Les mouvements islamistes du Soudan ont exprimé leur rejet de l’accord-cadre de transition entre les groupes militaires et civils du pays en organisant une manifestation de masse dans la capitale Khartoum samedi.
La marche était organisée par le groupe de coordination de l’Appel du peuple soudanais, qui a dénoncé son exclusion des pourparlers militaro-civils, motivée selon lui par l’ingérence de la communauté internationale.
C’est pourquoi la marche à Khartoum s’est terminée devant le siège de la Mission intégrée d’assistance à la transition des Nations unies au Soudan (UNITAMS) en scandant des slogans contre les Forces pour la liberté et le changement, considérées comme le principal groupe civil du pays.
«Nous ne sommes pas des partisans politiques de l’armée pour le plaisir», a déploré l’islamiste Mohamed Ali al-Jazuli, membre du comité d’organisation de l’Appel du peuple soudanais. «Nous ne nous rangerons à leurs côtés que s’ils préservent la souveraineté du Soudan, son identité, et garantissent une transition indépendante, sans parti pris», a-t-il ajouté dans des propos rapportés par le Sudan Tribune.

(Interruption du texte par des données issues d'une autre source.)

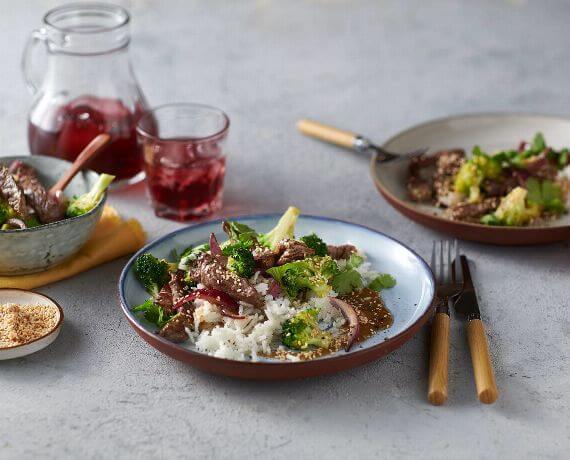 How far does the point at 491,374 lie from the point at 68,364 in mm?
1223

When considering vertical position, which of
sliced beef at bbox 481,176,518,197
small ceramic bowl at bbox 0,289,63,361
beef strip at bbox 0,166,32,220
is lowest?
sliced beef at bbox 481,176,518,197

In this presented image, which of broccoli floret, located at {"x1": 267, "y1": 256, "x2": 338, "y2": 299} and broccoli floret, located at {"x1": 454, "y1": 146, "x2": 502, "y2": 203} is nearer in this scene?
broccoli floret, located at {"x1": 267, "y1": 256, "x2": 338, "y2": 299}

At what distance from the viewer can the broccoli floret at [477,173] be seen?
3436mm

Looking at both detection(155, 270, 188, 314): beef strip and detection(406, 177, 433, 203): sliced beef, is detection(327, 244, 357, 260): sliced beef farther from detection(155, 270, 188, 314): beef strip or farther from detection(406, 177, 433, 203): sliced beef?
detection(406, 177, 433, 203): sliced beef

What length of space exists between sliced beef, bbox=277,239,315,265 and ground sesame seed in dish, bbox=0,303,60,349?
2.31ft

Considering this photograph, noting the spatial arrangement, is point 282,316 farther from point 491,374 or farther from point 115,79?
point 115,79

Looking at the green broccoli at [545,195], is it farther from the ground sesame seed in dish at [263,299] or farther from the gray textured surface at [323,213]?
the ground sesame seed in dish at [263,299]

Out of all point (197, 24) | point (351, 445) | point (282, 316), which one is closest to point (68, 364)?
point (282, 316)

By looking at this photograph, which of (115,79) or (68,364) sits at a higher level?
(115,79)

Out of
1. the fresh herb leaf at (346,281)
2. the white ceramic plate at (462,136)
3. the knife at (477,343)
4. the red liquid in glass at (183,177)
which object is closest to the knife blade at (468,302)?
the knife at (477,343)

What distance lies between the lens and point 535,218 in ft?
11.0

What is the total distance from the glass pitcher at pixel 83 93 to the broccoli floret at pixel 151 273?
0.92 meters

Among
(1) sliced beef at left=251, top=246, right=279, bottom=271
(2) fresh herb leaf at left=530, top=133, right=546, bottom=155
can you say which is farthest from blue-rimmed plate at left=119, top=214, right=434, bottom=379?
(2) fresh herb leaf at left=530, top=133, right=546, bottom=155

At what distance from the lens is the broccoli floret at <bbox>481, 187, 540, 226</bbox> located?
10.8ft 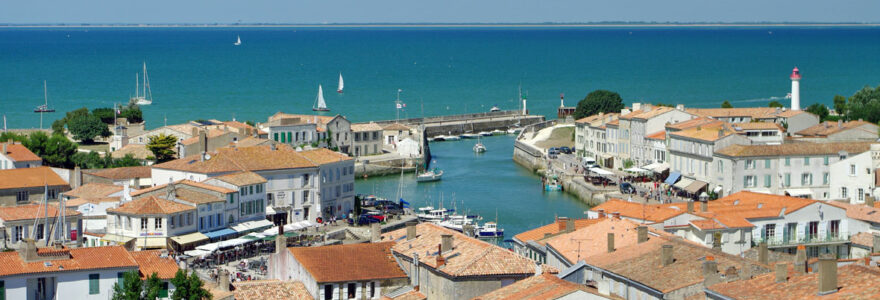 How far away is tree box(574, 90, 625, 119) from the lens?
307 feet

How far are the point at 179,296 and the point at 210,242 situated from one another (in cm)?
1585

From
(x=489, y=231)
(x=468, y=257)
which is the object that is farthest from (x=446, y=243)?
(x=489, y=231)

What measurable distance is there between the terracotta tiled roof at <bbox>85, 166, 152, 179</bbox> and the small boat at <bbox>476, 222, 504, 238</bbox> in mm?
13080

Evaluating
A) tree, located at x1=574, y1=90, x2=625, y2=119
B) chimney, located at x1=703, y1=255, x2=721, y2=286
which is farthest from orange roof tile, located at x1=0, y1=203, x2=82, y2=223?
tree, located at x1=574, y1=90, x2=625, y2=119

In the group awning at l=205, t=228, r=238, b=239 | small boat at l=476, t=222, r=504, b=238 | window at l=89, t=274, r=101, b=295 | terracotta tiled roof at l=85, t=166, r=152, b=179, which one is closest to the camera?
window at l=89, t=274, r=101, b=295

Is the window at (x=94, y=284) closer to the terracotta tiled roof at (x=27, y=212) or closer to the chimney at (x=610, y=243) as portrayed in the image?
the chimney at (x=610, y=243)

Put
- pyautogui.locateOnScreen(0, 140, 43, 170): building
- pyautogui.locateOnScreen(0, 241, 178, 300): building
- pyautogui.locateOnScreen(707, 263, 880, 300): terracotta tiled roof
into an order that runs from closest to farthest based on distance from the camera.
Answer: pyautogui.locateOnScreen(707, 263, 880, 300): terracotta tiled roof, pyautogui.locateOnScreen(0, 241, 178, 300): building, pyautogui.locateOnScreen(0, 140, 43, 170): building

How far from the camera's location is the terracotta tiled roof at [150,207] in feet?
145

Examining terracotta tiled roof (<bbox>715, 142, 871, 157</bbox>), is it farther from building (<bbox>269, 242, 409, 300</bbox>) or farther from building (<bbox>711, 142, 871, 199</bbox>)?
building (<bbox>269, 242, 409, 300</bbox>)

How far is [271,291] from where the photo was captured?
107ft

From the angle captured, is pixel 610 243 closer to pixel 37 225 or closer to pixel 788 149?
pixel 37 225

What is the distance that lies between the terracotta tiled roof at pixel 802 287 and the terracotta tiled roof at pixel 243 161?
1130 inches

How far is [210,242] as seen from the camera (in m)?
45.3

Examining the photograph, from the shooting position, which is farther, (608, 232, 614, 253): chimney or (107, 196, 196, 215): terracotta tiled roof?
(107, 196, 196, 215): terracotta tiled roof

Al Jazuli, leader du parti de l’État de droit et du développement, a prévenu que si ses demandes n’étaient pas satisfaites, le mouvement était prêt à faire appel directement à l’armée pour obtenir de l’aide, selon la Tribune.
Les Forces de la liberté et du changement ont souligné que cet accord, qui sera signé lundi prochain, vise la transition vers un gouvernement civil dans le pays et qu’après sa signature, les négociations se poursuivront sur «plusieurs points en suspens» avec la participation de tous les acteurs intéressés par l’élaboration d’une constitution de transition.
Le chef militaire, Abdelfatá al Burhan, a mené un nouveau coup d’État en octobre 2021 qui a renversé le Premier ministre de transition, Abdalá Hamdok, nommé après un accord entre la précédente junte militaire, issue du coup d’État de 2019 contre Omar el Béchir, et diverses organisations civiles et groupes politiques d’opposition.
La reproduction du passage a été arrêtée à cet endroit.